Task objective: Filter the data for lines with the word "Toyota", then copy every line so identified.

Entries supplied:
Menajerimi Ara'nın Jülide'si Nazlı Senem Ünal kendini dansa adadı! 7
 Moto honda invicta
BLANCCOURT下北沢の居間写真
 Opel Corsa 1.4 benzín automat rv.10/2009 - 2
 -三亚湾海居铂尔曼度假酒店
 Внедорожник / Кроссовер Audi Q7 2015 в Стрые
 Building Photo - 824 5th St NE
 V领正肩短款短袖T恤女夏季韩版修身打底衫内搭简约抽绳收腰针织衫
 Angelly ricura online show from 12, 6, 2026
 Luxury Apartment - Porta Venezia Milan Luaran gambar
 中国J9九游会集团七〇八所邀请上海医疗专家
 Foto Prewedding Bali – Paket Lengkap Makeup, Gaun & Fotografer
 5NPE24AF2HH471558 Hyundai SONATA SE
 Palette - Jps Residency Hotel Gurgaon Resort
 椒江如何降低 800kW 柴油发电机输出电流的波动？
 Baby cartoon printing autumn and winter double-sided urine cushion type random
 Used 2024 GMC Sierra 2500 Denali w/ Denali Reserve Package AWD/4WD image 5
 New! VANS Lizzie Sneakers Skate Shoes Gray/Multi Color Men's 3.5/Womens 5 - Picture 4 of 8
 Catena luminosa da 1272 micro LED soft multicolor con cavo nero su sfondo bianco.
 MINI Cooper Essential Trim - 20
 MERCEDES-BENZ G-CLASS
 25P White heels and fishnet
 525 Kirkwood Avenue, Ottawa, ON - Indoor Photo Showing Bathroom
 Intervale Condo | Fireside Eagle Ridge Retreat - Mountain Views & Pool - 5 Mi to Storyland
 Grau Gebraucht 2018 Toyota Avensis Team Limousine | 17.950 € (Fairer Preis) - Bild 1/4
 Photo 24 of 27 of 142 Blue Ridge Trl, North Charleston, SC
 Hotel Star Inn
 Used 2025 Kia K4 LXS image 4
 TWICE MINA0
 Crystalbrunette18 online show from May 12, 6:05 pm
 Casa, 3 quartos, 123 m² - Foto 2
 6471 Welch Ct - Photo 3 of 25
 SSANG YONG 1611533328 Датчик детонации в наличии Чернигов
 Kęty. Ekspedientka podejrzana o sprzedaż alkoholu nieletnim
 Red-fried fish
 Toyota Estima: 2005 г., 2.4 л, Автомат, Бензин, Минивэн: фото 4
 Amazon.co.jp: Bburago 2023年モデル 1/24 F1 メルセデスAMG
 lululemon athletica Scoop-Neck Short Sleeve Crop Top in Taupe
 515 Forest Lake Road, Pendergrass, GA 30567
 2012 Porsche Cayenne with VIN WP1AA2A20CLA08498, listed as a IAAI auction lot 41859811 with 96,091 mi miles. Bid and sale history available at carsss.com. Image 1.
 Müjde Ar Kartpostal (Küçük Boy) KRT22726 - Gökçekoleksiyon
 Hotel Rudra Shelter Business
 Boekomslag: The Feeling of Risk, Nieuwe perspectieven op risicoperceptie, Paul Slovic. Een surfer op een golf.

Written response:
 Grau Gebraucht 2018 Toyota Avensis Team Limousine | 17.950 € (Fairer Preis) - Bild 1/4
 Toyota Estima: 2005 г., 2.4 л, Автомат, Бензин, Минивэн: фото 4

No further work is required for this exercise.